Evasion
![]()
Dans le quartier colonial de Santa Teresa, loin de l’agitation de Copacabana et d’Ipanema, la Casa Mama Ruisa offre les charmes d’un hôtel particulier avec vue sur le fameux « pain de sucre ».
Accessible en à peine une nuit d’avion, Rio mérite d’être visitée régulièrement, et pas nécessairement du Nouvel An au Carnaval, quand les plages de Copacabana et d’Ipanema sont noires de monde. Deux nouveaux bâtiments d’importance y sont à découvrir : celui de la Cidade da musica signé Christian de Portzamparc, et celui de la fondation Daros d’art contemporain sud-américain imaginé par Paulo Mendes da Rocha, un des derniers représentants des modernistes brésiliens.

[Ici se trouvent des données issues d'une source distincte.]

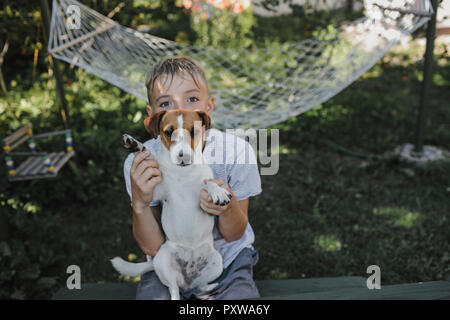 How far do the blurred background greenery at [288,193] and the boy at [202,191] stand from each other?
108 cm

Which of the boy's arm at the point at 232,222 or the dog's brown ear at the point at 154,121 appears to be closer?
the dog's brown ear at the point at 154,121

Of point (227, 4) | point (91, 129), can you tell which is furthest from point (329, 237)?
point (227, 4)

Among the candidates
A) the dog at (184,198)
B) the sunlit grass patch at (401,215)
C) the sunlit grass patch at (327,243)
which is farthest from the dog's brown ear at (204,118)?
the sunlit grass patch at (401,215)

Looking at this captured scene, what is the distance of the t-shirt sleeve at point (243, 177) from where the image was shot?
151 cm

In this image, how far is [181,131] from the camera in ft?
3.43

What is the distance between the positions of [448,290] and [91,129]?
12.1ft

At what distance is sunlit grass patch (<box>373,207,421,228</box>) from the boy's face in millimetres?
2159

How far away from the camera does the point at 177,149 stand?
40.7 inches

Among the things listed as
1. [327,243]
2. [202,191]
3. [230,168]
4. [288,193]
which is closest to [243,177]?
[230,168]

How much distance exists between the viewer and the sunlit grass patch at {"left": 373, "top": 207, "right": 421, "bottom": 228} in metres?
2.82

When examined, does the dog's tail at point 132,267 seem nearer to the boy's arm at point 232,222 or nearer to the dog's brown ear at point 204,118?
the boy's arm at point 232,222

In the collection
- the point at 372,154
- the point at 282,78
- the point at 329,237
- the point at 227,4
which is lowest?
the point at 329,237

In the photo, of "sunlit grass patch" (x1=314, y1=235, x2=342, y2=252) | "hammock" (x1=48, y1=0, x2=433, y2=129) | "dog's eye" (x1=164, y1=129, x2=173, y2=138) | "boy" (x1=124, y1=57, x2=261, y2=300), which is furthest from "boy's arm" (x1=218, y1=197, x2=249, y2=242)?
"hammock" (x1=48, y1=0, x2=433, y2=129) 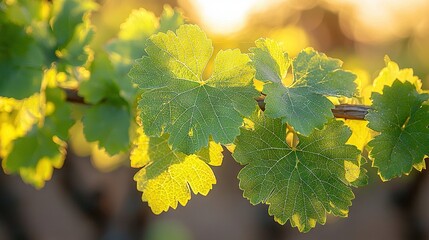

A qui déteste l’agitation du front de mer, on ne saurait trop recommander de dormir à la Casa Mama Ruisa, un hôtel particulier où habitait l’ancien préfet de Rio, et redécoré par Nanda Esker, collaboratrice du même de Portzamparc. Avec ses sept chambres et suites à thème (Colette, Cocteau, Joséphine Baker, Carmen Miranda) dont les terrasses offrent une vue imprenable sur la baie de Botafogo et le fameux « pain de sucre », la Casa Mama Ruisa s’impose comme le meilleur hôtel de charme de la ville. Il suffit de sauter dans le tramway sillonnant la colline pour croiser les fantômes de Sarah Bernhart et Isadora Duncan, ou encore des carmélites dont le couvent donna son nom à ce quartier à l’architecture coloniale. Dans la journée, ce « petit Montmartre » offre d’innombrables ateliers d’artistes, des restaurants et bars d’un autre âge où s’oublier avant de rentrer admirer le coucher de soleil au bord de la piscine du Mama Ruisa en sirotant un cocktail. Le soir, le quartier chaud de Lapa fréquenté par les brésiliens comme les clubs d’Ipanema sont à quelques minutes de taxi. C’est le moment d’en profiter.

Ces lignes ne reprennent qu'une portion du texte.